Starting at the first line of the data, please print exactly those lines through the one that holds "Custom England Fooball", omitting every picture.

Provided data.
------------------------------
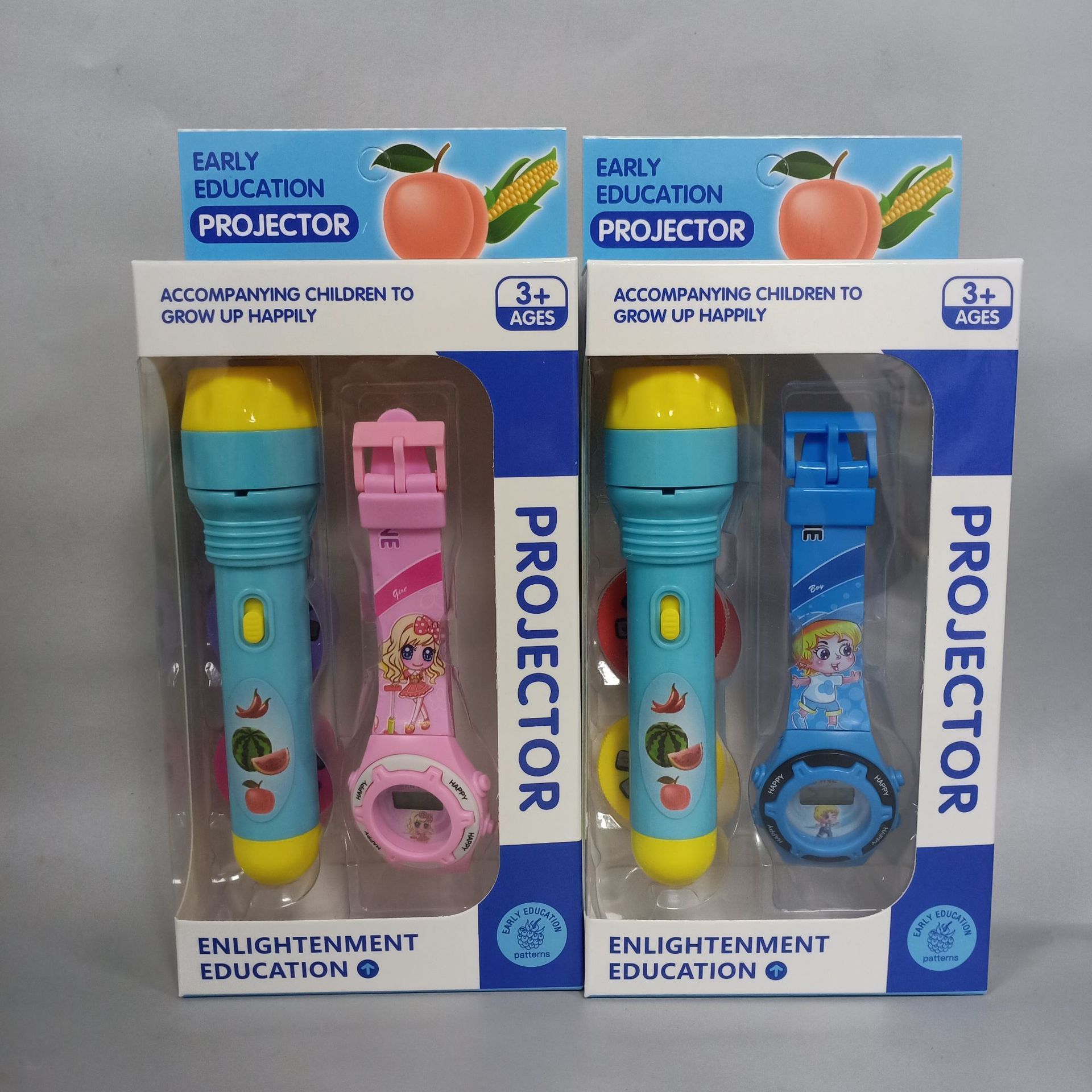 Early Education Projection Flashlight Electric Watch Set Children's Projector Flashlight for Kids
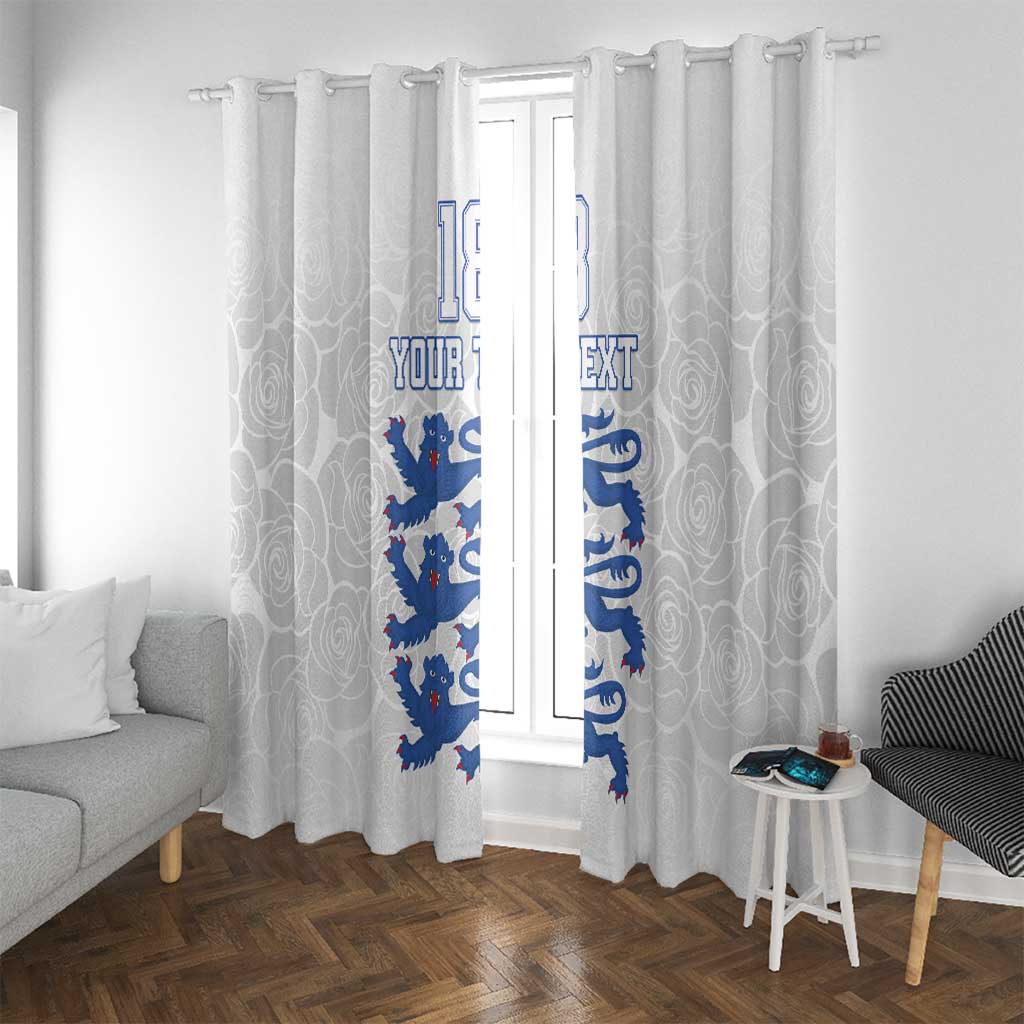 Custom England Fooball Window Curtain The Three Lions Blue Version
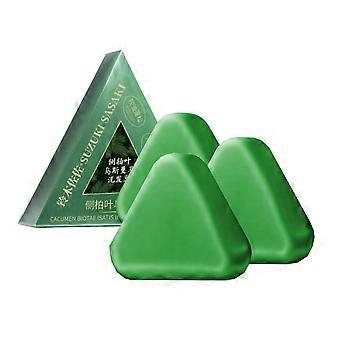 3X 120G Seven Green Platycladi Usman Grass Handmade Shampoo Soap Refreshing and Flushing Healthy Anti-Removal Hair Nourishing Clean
------------------------------
Exercise output.
 Early Education Projection Flashlight Electric Watch Set Children's Projector Flashlight for Kids
 Custom England Fooball Window Curtain The Three Lions Blue Version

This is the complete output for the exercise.